La subjectivité triomphante de son évocation d’une musique d’autant plus descriptive qu’elle est moins imitative n’est pourtant pas ce qui m’a d’abord attiré chez Rousseau, qui en rêvait sans parvenir à la composer lui-même. Mes débuts de compositeur sont contemporains du développement de la musique électroacoustique. Lorsqu’au Groupe de Recherches Musicales, où Pierre Schaeffer venait de m’enrôler comme un des membres fondateurs, j’apprenais à écouter sans préjugé tout ce qui sortait d’un haut-parleur comme porteur d’un sens musical au moins virtuel, je prolongeais le mouvement qui depuis Debussy avait peu à peu disqualifié les grammaires musicales et les formes préconçues au profit d’un naturalisme polymorphe, et même libertaire. Je n’allais pas, comme Schönberg et ses épigones néo-sériels, recadrer sur le seul modèle du langage un art qui s’était libéré de ses scléroses. Et le « solfège » préalable auquel Schaeffer prétendait intéresser tout compositeur avant de libérer son imagination n’avait guère de séduction pour moi. J’aurais alors pu remarquer certains parallèles entre le naturalisme de Rousseau et celui que l’écoute des sons « concrets » postulait d’emblée.
Si la musique du XXème siècle, en-dehors de l’héritage de Schönberg, avait plus cherché à se libérer du langage qu’à s’y soumettre, où à le réinventer, était-ce là une révolte nihiliste promise à l’échec, ou la promesse d’une authenticité plus proche de la nature ? Telle était une des réflexions, et des inquiétudes, auxquelles la lecture de Rousseau pouvait conduire.

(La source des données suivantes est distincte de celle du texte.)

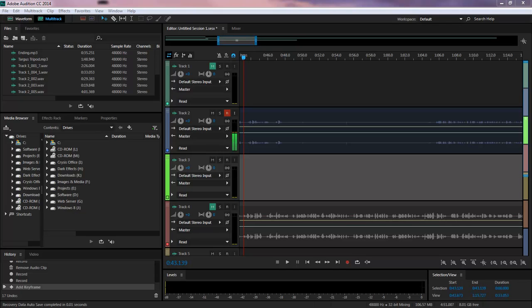What's up, Wayne Barron here with DarkFX.net and we are inside of Adobe Audition CC 2014.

Rousseau a peut-être été le premier à sentir, sans toujours le dire assez explicitement, que la poésie, à mi-chemin du langage et de la musique, apparaît comme un témoin archaïque d’une évolution, dans les phonations humaines, de la pure émotion du cri à la discipline du discours, c’est-à-dire d’une sorte de musique polysémique à une sémantique précise :
« D’abord on ne parla qu’en poésie ; on ne s’avisa de raisonner que longtemps après. »

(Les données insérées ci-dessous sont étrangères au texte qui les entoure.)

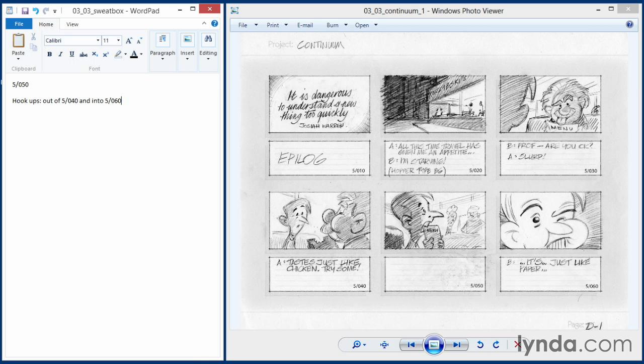The next thing I would do would be to write some notes about the physical performance of the scene for the animator. In this case, he's taking a little bite out of the menu, and he's going to do some business. So let's flesh it out a little bit. I'll write for the animator, the student.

(Essai sur l’origine des langues, chapitre III)
Et il admet pourtant comme une réalité indubitable :
« …puisque la musique, étant un discours, doit avoir comme lui ses périodes, ses phrases, ses suspensions, ses repos, sa ponctuation de toute espèce… »
(Dictionnaire de musique, article Harmonie)

Alors, la musique doit-elle fatalement être un discours, ou peut-elle accompagner la pure efflorescence de l’émotion, fût-elle désordonnée ?…
Cette intuition, et peut-être cette nostalgie d’une parole qui se souvient d’avoir été un chant, et d’un chant porteur de la double richesse de l’émotion et de la connaissance, n’aurait-elle pas dû conduire Rousseau à être poète, si son temps n’était pas justement celui où la poésie périssait sous le raisonnement et l’écrasante doctrine du classicisme ? Diderot, qui a ressenti vivement cette influence négative du rationalisme, n’a pas davantage pu se résoudre à l’abandonner. Et comme Rousseau, il a tenté d’exprimer une sensibilité romantique dans une langue encore classique.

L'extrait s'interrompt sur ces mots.